**Raw data**
━━━━━━━━━━━━━━━━━━━━
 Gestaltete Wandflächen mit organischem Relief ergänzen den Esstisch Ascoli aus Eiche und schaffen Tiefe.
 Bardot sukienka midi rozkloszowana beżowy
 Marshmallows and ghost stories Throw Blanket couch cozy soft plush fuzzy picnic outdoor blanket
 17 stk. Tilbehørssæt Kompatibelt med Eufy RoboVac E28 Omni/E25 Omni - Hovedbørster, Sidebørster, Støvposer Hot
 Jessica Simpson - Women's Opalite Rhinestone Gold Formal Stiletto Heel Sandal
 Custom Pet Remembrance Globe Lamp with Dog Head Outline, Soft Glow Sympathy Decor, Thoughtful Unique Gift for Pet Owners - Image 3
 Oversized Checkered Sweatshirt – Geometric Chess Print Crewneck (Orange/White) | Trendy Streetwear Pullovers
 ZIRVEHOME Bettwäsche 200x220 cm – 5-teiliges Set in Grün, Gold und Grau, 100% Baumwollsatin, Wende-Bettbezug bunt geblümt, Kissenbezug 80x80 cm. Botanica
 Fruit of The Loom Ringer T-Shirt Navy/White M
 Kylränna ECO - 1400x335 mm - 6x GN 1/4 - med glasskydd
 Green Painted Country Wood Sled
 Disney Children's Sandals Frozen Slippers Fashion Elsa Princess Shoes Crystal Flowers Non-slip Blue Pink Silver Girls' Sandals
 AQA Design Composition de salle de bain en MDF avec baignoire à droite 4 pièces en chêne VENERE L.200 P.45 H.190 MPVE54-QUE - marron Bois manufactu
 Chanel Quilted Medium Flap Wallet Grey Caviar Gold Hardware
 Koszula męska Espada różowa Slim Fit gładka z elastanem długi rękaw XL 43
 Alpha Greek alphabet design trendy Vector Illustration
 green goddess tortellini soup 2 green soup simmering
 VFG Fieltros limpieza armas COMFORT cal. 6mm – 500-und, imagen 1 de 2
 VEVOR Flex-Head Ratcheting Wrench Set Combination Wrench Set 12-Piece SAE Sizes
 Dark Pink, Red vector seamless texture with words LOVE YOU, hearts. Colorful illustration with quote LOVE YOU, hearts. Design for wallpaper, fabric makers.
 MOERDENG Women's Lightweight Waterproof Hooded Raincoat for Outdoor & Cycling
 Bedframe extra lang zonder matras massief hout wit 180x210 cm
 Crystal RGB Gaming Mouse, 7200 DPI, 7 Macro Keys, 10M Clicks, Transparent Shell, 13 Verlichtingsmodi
━━━━━━━━━━━━━━━━━━━━
**What you have to do**
Starting with the line that contains "Alpha Greek alphabet", output every line through the end of the listing above, unchanged.

**Solution**
 Alpha Greek alphabet design trendy Vector Illustration
 green goddess tortellini soup 2 green soup simmering
 VFG Fieltros limpieza armas COMFORT cal. 6mm – 500-und, imagen 1 de 2
 VEVOR Flex-Head Ratcheting Wrench Set Combination Wrench Set 12-Piece SAE Sizes
 Dark Pink, Red vector seamless texture with words LOVE YOU, hearts. Colorful illustration with quote LOVE YOU, hearts. Design for wallpaper, fabric makers.
 MOERDENG Women's Lightweight Waterproof Hooded Raincoat for Outdoor & Cycling
 Bedframe extra lang zonder matras massief hout wit 180x210 cm
 Crystal RGB Gaming Mouse, 7200 DPI, 7 Macro Keys, 10M Clicks, Transparent Shell, 13 Verlichtingsmodi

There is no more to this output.